Rocky Mountain Section (SEPM)

Abstract


Paleozoic Systems of the Rocky Mountain Region, 1996
Pages 213-234

Implications of Unfilled Accommodation Space for Sequence Stratigraphy on Mixed Carbonate-Siliciclastic Platforms: An Example from the Lower Desmoinesian (Middle Pennsylvanian), Southwestern Paradox Basin, Utah

Gary L. Gianniny, J.A. Toni Simo

Abstract

Although the multiple causes of stratigraphic cyclicity have received much attention for over a century, the interactions among these causes remain problematic especially when different paleoclimatic settings are considered. Here we demonstrate that limited supply of both carbonates and siliciclastics could not fill available accommodation space in some settings during the Pennsylvanian icehouse climate. Consequently, thickness-based stacking patterns provide a poor record of changes in accommodation space, and should neither be used to correlate stratigraphic sections across the shelf, nor to predict exposure surfaces and associated diagenetic processes.

This study describes the Middle Pennsylvanian (Lower Desmoinesian Akah and Barker Creek intervals) mixed carbonate-siliciclastic shelf strata of the Paradox Basin within a sequence stratigraphic framework. Thirty-five kilometers of spectacular strike-oblique outcrops along the San Juan River, near Mexican Hat, Utah, reveal a complex mosaic of facies in a range of both continuous and discontinuous facies belts that step shelfward and basinward. The distribution of facies geometries and compositions define multiple, at times overlapping and interacting scales of stratigraphic cyclicity. The 165 m section contains 55 to 63 flooding surface-bounded parasequences (average thickness is 2.7 m, range 0.5-10 m) bounded by flooding surfaces, grouped into 25 subaerially-bounded sequences, and into three sequence sets bounded by surfaces of exposure and fluvial incision. Thirteen lithofacies are recognized and integrated in a low-angle bank-model in which lithofacies distribution was controlled by circulation, turbulence, salinity, and sediment growth potential rather than a simple linear facies relationship between water depth and distance from the shore of typical basin models. Lithofacies successions show 50 different vertical patterns. The low number of repeated lithofacies successions (8/50 patterns repeated, maximum number of repetition of one pattern is 4) is interpreted as the result of lateral substitutions among coeval lithofacies. Similarly, neither parasequence thickness and facies diversity, nor parasequence thickness and the maximum paleowater depth inferred from lithofacies successions show a correlation, indicating that thicknesses of shallowing-upward successions are not controlled by changes in water depth, and that the lithofacies record of changing water depths is incomplete. Geometries and lithofacies successions within parasequences and sequences suggest that deposition occurred during sea-level rise, virtually ceased as a function of sediment starvation during maximum inundation, and resumed during relative sea-level fall. The recognition of different bounding surfaces and the comparison of trends in interpreted paleowater depth, internal geometries, and degree of facies shifts across the different surfaces has provided a stratigraphic framework that improves our understanding of the depositional systems.
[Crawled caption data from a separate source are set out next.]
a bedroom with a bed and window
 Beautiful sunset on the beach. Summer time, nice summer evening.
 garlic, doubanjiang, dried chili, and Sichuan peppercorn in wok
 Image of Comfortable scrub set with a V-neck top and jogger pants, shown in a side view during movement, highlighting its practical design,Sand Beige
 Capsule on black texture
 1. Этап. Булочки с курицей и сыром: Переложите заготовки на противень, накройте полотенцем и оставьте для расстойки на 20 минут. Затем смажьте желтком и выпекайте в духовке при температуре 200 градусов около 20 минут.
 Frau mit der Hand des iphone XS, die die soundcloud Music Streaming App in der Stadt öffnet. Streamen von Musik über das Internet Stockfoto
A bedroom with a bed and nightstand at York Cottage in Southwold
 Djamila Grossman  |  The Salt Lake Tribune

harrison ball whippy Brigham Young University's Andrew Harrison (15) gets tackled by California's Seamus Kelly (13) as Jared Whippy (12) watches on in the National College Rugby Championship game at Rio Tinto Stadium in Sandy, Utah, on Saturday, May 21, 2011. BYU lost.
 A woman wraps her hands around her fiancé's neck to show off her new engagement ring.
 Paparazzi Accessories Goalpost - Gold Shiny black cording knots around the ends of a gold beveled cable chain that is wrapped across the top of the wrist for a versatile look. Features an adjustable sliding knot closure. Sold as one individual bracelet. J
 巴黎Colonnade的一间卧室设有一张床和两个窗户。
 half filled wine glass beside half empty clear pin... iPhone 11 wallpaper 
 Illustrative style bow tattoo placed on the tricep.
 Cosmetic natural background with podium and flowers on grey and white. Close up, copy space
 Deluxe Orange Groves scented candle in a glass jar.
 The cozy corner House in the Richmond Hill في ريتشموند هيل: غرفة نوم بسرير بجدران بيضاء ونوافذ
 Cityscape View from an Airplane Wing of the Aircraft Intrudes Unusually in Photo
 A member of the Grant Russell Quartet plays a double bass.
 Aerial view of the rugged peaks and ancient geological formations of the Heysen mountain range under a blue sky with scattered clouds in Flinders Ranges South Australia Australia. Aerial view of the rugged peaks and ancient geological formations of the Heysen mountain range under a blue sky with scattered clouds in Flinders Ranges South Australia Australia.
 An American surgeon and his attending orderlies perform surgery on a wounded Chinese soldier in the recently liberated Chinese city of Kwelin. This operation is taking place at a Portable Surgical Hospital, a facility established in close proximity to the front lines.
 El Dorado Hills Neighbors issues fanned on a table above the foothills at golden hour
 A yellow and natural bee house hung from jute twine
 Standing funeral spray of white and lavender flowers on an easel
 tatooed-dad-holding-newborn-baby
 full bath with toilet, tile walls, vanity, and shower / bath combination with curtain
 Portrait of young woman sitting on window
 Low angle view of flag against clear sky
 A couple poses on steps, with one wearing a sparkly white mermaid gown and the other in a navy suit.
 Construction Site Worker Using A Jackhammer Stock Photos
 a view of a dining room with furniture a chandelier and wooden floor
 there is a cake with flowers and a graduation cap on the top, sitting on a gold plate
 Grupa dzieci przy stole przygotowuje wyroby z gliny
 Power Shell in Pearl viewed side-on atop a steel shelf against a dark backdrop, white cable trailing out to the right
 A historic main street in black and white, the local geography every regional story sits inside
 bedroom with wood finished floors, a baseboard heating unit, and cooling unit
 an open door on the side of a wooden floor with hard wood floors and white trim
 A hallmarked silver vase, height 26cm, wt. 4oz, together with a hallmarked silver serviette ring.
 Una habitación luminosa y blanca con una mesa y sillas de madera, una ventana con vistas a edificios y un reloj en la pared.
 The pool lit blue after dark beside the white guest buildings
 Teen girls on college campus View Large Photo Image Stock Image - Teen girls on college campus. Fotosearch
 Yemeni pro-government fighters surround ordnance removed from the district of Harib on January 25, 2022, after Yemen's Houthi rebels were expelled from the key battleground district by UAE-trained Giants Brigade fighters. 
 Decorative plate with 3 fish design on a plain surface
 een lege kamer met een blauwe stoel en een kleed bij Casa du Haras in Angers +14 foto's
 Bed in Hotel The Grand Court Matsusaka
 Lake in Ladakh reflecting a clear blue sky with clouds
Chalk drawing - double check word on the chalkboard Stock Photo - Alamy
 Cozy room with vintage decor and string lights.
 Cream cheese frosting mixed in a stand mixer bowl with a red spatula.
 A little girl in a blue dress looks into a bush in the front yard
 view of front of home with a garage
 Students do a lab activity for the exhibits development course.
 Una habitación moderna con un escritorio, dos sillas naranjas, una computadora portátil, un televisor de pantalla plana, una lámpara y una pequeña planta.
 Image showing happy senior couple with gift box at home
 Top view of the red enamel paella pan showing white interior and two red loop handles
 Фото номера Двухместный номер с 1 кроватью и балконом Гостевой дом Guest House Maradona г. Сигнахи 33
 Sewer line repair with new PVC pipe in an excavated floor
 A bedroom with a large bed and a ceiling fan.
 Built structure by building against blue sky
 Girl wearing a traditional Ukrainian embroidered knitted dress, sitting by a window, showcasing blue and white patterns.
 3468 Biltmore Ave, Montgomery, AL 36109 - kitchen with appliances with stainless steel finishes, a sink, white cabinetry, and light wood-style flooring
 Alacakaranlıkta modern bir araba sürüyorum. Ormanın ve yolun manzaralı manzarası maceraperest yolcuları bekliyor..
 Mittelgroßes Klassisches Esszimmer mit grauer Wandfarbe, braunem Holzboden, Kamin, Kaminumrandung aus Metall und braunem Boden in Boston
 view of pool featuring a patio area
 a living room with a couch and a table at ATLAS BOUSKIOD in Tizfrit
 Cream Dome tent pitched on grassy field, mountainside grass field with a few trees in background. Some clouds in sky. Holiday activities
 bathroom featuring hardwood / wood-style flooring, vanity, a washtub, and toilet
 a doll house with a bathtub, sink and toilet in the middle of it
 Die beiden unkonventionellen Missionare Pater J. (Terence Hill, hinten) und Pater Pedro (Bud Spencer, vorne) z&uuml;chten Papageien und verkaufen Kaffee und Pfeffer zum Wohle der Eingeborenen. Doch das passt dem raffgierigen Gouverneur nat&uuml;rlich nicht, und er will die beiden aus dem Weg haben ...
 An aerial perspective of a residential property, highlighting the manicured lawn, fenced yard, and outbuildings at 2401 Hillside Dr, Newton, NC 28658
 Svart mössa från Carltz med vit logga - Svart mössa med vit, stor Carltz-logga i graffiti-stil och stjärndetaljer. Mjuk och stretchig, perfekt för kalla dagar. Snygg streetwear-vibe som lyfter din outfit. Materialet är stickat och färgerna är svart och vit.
These examples illustrate that the distribution of lithofacies within parasequences and sequences are highly variable as a result of lateral lithofacies substitutions and “non-Waltherian” vertical lithofacies transitions during Pennsylvanian high-amplitude composite relative sea-level changes. In addition, the recognition of unfilled accommodation space demonstrates that thickness-based stacking pattern analyses can not provide reliable proxies of accommodation history unless they are integrated with patterns of two- and three- dimensional facies composition, geometry, and stratal surface type.